INFORMATION ->
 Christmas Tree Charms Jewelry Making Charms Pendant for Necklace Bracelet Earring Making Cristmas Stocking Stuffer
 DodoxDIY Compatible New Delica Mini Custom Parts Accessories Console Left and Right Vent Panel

--

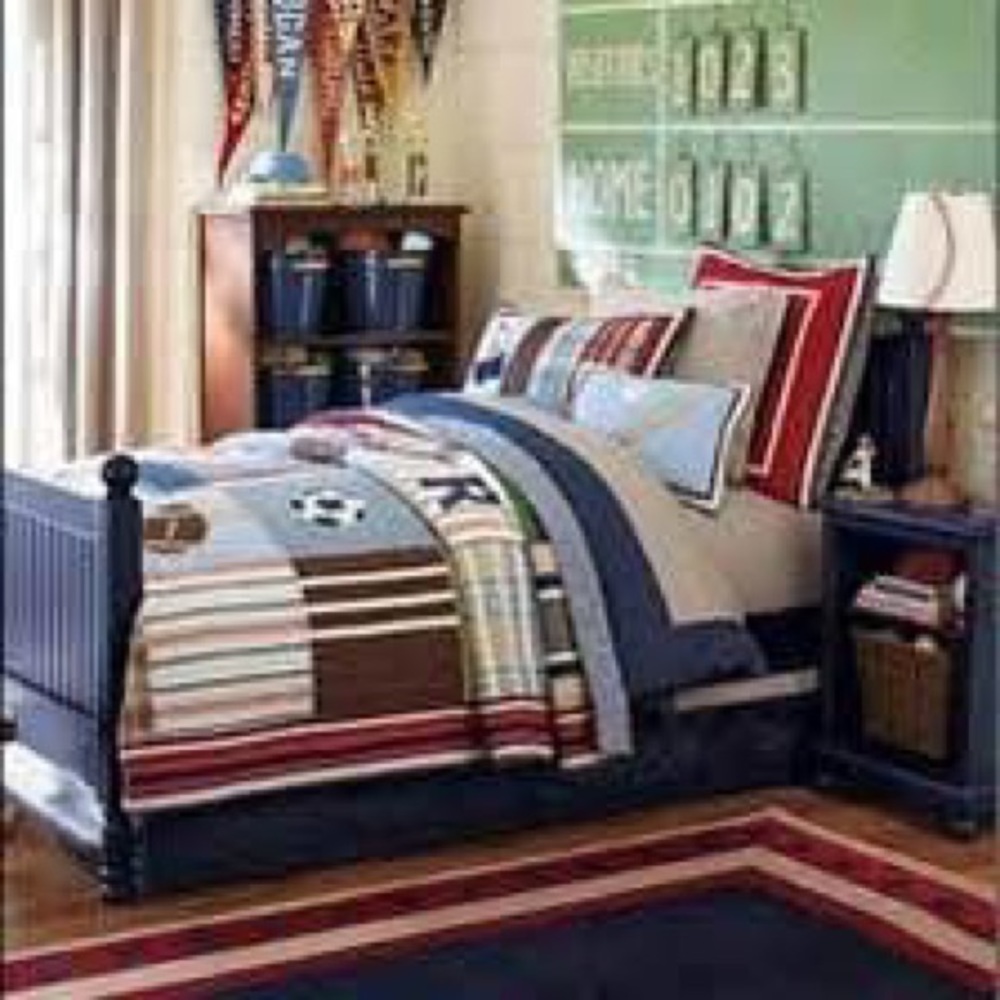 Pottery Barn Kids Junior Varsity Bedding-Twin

YOUR INSTRUCTIONS ->
Write down again, exactly as given, only the lines above that fall from the line with "Christmas Tree Charms" to the line with "DodoxDIY Compatible New", inclusive.

RESPONSE AREA ->
 Christmas Tree Charms Jewelry Making Charms Pendant for Necklace Bracelet Earring Making Cristmas Stocking Stuffer
 DodoxDIY Compatible New Delica Mini Custom Parts Accessories Console Left and Right Vent Panel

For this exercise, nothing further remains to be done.